In this, The Comprehensive Evaluation Model, there are three stages: Foundational Considerations, Procedural Concerns, and Outcomes Valuations. The three stages provide opportunities for both formative assessment, which evaluates the process of the program and implements improvements as needed, and summative assessment, which is concerned with evaluation in any area other than development (Reiser & Dempsey, 2018, p. 87).
The first stage of the Comprehensive Evaluation Model is Foundational Considerations, which begins with context evaluation, derived from CIPP and Rossi’s Five-Domains; this is a needs assessment to determine if the program is necessary (Reiser & Dempsey, 2018, p.88). The second step, like CIPP’s Input Evaluation, is concerned with whether the available resources and support are adequate to implement the program (p. 88). And the third and final step considers the concept of the program, like Rossi’s Theory Assessment, analyzing the potential success of the overall program concept in an effort to avoid theory failure (p.88).
The Procedural Concerns portion of this new model deals primarily with formative evaluation where the development of the program and the process of implementation are deliberated, looking for measures that might improve effectiveness (Reiser & Dempsey, 2018, p. 88).
Finally, the Outcomes Valuation is a summative evaluation focusing on the overall success of the product (i.e. the program).

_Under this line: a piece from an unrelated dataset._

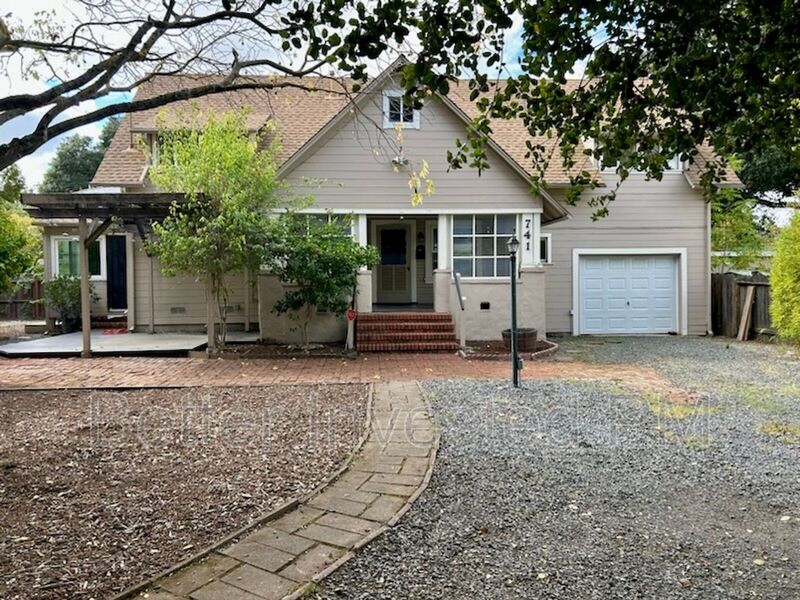 Santa Rosa House: 741 North St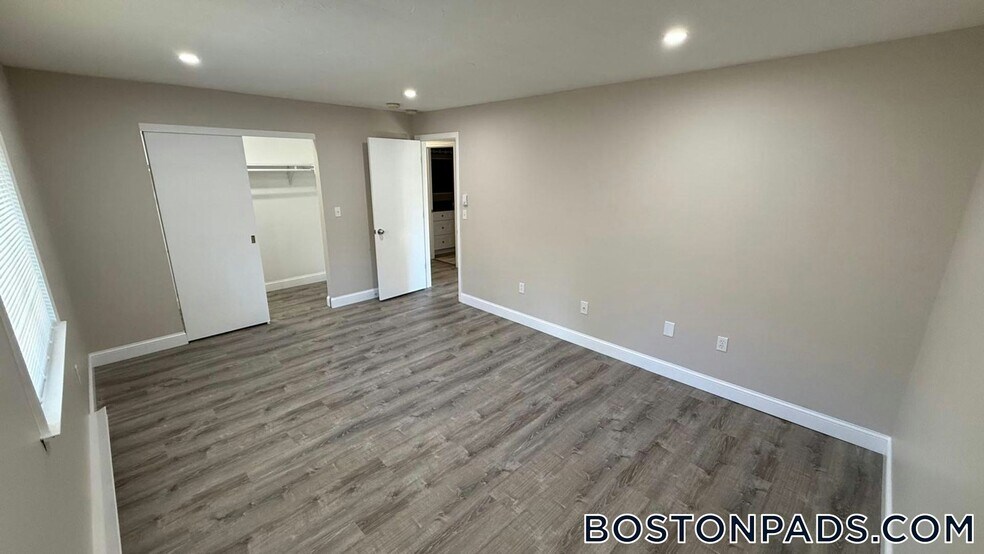 Building Photo - 310 Thompson Rd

Considerations here include an implementation assessment, asking Rossi’s question, “Was the program implemented properly, according to the program plan?” (Reiser & Dempsey, 2018, p. 88). What follows is an impact study, evaluating whether or not the learner behavior was changed, as intended by the program. This evaluation investigates using Kirkpatrick’s Training Evaluation Model, Levels 3 and 4. At this point, evaluators must determine (1) if learners can apply learned concepts to the necessary arena (workplace or classroom) and (2) if the program implemented change that improved the performance of the organization (p.92.). All of these factors must be weighed on the balance with an efficiency assessment, like Rossi’s, to determine the return on investment or the cost effectiveness of the program (pp. 88-89).
Reiser, R. A., & Dempsey, J. V. (2018). Trends and issues in instructional design and technology. Boston: Pearson Education.